Zobel said:
I don't understand this comment. Second temple Judaism had various theories about the second power in heaven, proto-Arian beliefs among them (also adoptionism etc). You could potentially see the early Christian Christological controversies as addressing these pre-Christian second temple beliefs. St John of Damascus describes Islam as a Christian heresy way back in this way. At any rate one way to see it is that small-O Orthodox Christian trinitarianism was one of the extant Judaisms in the first century, proto-rabbinic Judaism in the form of pharisaism was another, but there were others. Then Arianism, Adoptionists, Ebionites, etc all become different views which all claimed to exclusively represent authentic Judaism. Only Rabbinic Judaism and Christianity really continued - but there's no reason you couldn't put Islam right there with them.
Kinda like football, soccer, rugby all presumably each have early forms but diverged well after their single common ancestor (in this case sometime after Abraham or whatever) but before their final form arrives.
Well, I think both those theories are bunk, so yes, they don't necessarily make sense. I meant specifically that early Islamic practice logically would have overlapped far more with Arab Jewish ritual practice - lending that revisionist theory more credence - than the Syrian school, which is a logical conclusion if you only base your theory off coins and architecture, engage in questionable linguistics, and ignore almost all textual evidence, both Muslim and non-Muslim, to the contrary.
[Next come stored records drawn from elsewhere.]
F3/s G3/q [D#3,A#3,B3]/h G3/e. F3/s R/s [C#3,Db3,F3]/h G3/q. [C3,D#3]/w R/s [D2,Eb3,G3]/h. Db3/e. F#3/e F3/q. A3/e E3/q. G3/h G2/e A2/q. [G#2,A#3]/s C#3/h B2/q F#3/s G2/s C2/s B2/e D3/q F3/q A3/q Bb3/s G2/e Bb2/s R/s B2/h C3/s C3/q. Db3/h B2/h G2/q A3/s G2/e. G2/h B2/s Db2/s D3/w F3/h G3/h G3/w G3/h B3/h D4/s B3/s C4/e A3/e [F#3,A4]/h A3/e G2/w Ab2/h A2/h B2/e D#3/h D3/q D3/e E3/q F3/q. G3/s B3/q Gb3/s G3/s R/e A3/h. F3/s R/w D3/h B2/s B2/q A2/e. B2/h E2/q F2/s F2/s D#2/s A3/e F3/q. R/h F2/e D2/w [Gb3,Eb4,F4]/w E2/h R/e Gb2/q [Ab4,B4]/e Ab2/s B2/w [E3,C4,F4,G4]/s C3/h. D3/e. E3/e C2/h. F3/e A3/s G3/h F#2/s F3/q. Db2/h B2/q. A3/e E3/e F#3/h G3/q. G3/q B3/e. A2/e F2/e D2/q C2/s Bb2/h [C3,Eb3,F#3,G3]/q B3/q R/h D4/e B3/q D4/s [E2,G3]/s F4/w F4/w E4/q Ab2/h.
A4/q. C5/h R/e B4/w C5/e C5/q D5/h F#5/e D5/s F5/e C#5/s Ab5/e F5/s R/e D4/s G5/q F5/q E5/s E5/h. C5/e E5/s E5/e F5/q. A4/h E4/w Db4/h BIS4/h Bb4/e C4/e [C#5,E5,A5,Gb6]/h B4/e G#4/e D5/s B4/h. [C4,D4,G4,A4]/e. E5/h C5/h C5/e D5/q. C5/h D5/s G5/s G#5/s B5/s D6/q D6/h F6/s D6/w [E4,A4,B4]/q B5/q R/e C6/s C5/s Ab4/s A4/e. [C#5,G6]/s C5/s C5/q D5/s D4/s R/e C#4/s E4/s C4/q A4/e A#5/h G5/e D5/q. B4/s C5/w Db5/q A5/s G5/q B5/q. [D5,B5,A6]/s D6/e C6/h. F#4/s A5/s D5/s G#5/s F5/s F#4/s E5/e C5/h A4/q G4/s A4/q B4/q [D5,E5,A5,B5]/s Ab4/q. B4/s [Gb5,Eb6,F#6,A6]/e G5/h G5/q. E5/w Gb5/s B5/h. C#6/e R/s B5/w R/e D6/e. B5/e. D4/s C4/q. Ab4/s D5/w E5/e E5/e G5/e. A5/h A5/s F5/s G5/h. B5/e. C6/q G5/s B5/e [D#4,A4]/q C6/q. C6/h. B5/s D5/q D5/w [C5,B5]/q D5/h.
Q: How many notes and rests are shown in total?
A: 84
In the sense that Islam is continuation of Judaism, or that it is one of the three extant representations of Judaism today… I think you might garner a vehement denial from a orthodox Sunni Muslim, but I am not inclined to disagree. I buy that the earliest Islam, what existed during Muhammad's time, would have regarded itself as a continuation of the Abrahamic movement. Where I think the crystallisation of Islam as a totally separate movement occurs is not as a reaction to Christianity or Judaism - or as a mythical justification for Arab conquest - but as a result of an internal civil war between three overarching competing ideologies on the nature of religious leadership of the movement and how the role of that leader informs the practices and beliefs of that movement.